* [Aim of the exercise]:
Produce the records again in full, exactly as shown below.

(Data extracts Opens)

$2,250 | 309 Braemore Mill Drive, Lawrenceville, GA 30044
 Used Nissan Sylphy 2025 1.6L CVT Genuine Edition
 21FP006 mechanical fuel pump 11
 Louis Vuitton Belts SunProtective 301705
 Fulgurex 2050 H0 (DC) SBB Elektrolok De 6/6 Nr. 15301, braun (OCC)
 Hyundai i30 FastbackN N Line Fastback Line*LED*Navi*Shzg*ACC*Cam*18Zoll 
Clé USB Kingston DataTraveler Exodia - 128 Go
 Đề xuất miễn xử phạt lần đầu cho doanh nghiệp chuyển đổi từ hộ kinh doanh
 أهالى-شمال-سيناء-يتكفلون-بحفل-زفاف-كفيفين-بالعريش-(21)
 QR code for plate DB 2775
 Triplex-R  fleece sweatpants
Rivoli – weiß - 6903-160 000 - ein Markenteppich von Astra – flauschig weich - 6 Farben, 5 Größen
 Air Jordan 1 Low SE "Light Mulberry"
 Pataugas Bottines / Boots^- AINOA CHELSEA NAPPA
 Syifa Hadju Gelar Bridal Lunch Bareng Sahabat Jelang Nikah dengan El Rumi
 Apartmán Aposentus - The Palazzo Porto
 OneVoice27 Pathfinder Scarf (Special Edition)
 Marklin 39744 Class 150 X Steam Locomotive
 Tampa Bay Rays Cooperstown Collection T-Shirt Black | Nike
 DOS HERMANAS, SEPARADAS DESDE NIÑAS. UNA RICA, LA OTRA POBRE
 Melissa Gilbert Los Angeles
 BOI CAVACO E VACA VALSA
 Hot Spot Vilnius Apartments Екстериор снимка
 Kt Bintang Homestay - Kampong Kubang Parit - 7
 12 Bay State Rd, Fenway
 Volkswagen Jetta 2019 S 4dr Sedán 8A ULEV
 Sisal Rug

(Data extracts Closes)

* [Result of this exercise]:
$2,250 | 309 Braemore Mill Drive, Lawrenceville, GA 30044
 Used Nissan Sylphy 2025 1.6L CVT Genuine Edition
 21FP006 mechanical fuel pump 11
 Louis Vuitton Belts SunProtective 301705
 Fulgurex 2050 H0 (DC) SBB Elektrolok De 6/6 Nr. 15301, braun (OCC)
 Hyundai i30 FastbackN N Line Fastback Line*LED*Navi*Shzg*ACC*Cam*18Zoll 
Clé USB Kingston DataTraveler Exodia - 128 Go
 Đề xuất miễn xử phạt lần đầu cho doanh nghiệp chuyển đổi từ hộ kinh doanh
 أهالى-شمال-سيناء-يتكفلون-بحفل-زفاف-كفيفين-بالعريش-(21)
 QR code for plate DB 2775
 Triplex-R  fleece sweatpants
Rivoli – weiß - 6903-160 000 - ein Markenteppich von Astra – flauschig weich - 6 Farben, 5 Größen
 Air Jordan 1 Low SE "Light Mulberry"
 Pataugas Bottines / Boots^- AINOA CHELSEA NAPPA
 Syifa Hadju Gelar Bridal Lunch Bareng Sahabat Jelang Nikah dengan El Rumi
 Apartmán Aposentus - The Palazzo Porto
 OneVoice27 Pathfinder Scarf (Special Edition)
 Marklin 39744 Class 150 X Steam Locomotive
 Tampa Bay Rays Cooperstown Collection T-Shirt Black | Nike
 DOS HERMANAS, SEPARADAS DESDE NIÑAS. UNA RICA, LA OTRA POBRE
 Melissa Gilbert Los Angeles
 BOI CAVACO E VACA VALSA
 Hot Spot Vilnius Apartments Екстериор снимка
 Kt Bintang Homestay - Kampong Kubang Parit - 7
 12 Bay State Rd, Fenway
 Volkswagen Jetta 2019 S 4dr Sedán 8A ULEV
 Sisal Rug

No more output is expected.